La contrarietà agli insediamenti è stata ribadita in campo
internazionale lo scorso dicembre quando il Consiglio di sicurezza
dell’Onu (con il clamoroso veto dell’amministrazione statunitense
uscente di Obama) ha passato una risoluzione che considera illegale la
costruzione di colonie nei Territori occupati palestinesi. Vero è che ora con Trump alla Casa Bianca le cose sembrano essere cambiate:
non a caso Netanyahu ha annunciato soltanto nelle due ultime settimane
6.000 nuove unità abitative e una colonia. La reazione dell’alleato
statunitense è stata abbastanza flebile come era da attendersi: quel
“può non essere utile a raggiungere la pace” è indice della profonda
sintonia di vedute tra Washington e Tel Aviv.
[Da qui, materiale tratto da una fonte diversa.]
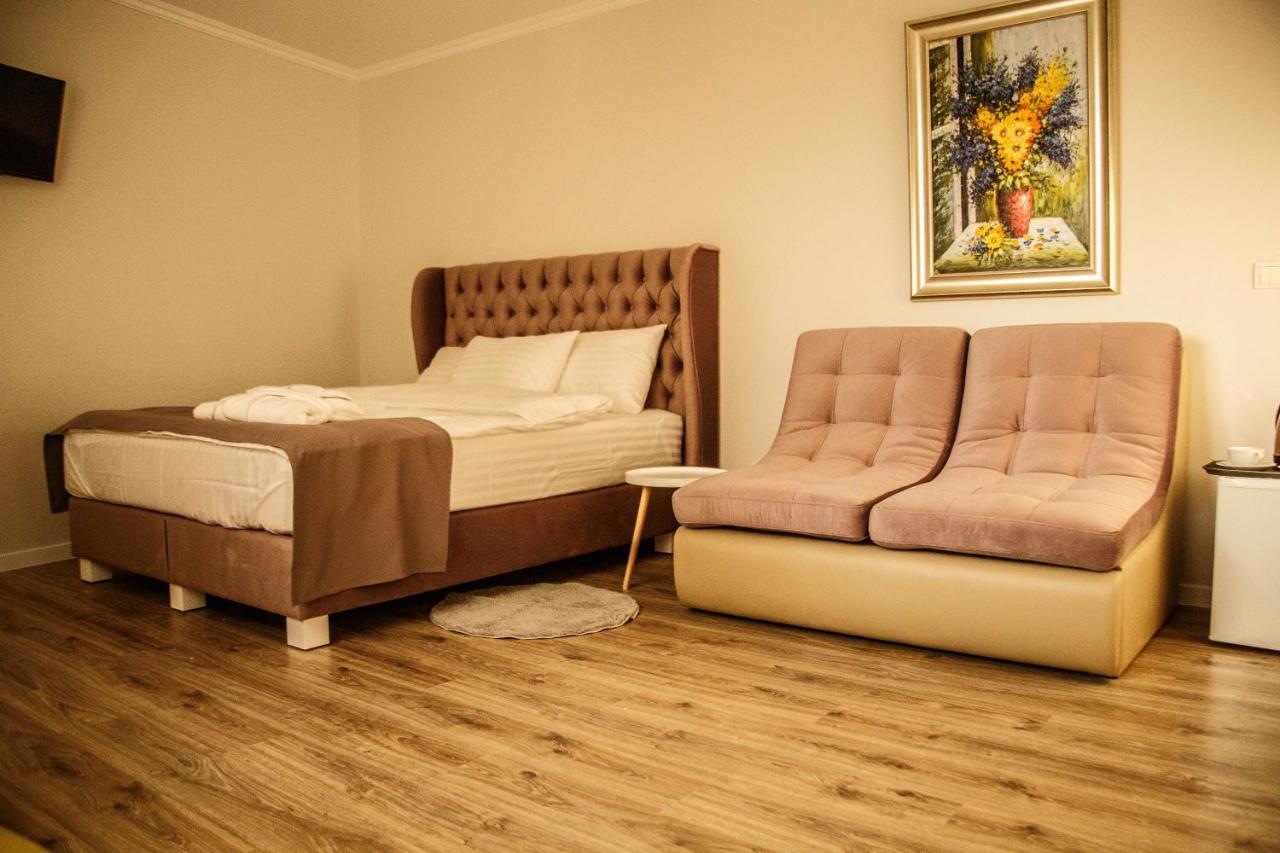 Opera Center Hotel & Apartments Lviv Luaran gambar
Tuttavia, appare essere
anche un leggero ammonimento agli israeliani a non procedere senza prima
consultarsi con loro.
Ecco perché il primo ministro israeliano prova a rimandare
l’approvazione della Regulation almeno a dopo il suo incontro con Trump.
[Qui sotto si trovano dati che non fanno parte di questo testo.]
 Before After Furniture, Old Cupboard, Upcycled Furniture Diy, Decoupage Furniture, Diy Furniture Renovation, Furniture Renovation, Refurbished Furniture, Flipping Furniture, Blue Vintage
L’obiettivo da parte del leader israeliano è capire come reagirà la
nuova amministrazione al suo piano di estensione/annessione nei
Territori occupati palestinesi e, più in generale, valutare quanto potrà
fidarsi veramente del tycoon dopo gli anni conflittuali con Obama.
Nel frattempo, però, il voto della legge è in programma al
momento per stasera dopo che Netanyahu sarà ritornato dalla visita
ufficiale di un giorno alla prima ministra britannica Theresa May.
Ieri, poco prima di salire a bordo dell’aereo che lo avrebbe condotto
nella capitale inglese, Bibi è rimasto vago sulle sue intenzioni.
“Quando dirigo il Paese, penso all’interesse nazionale e agisco solo in
base a questo” ha affermato lanciando una non troppo velata frecciatina
agli alleati di Casa Ebraica che lo pressano per il voto anche per
tranquillizzare il loro elettorato. Poche ore prima, durante la riunione
settimanale del suo esecutivo, il premier aveva fatto sapere che al centro dell’incontro con May ci sarà il contrasto “alla sprezzante aggressività iraniana di questi giorni”. Il riferimento è al test missilistico compiuto da Teheran la scorsa settimana.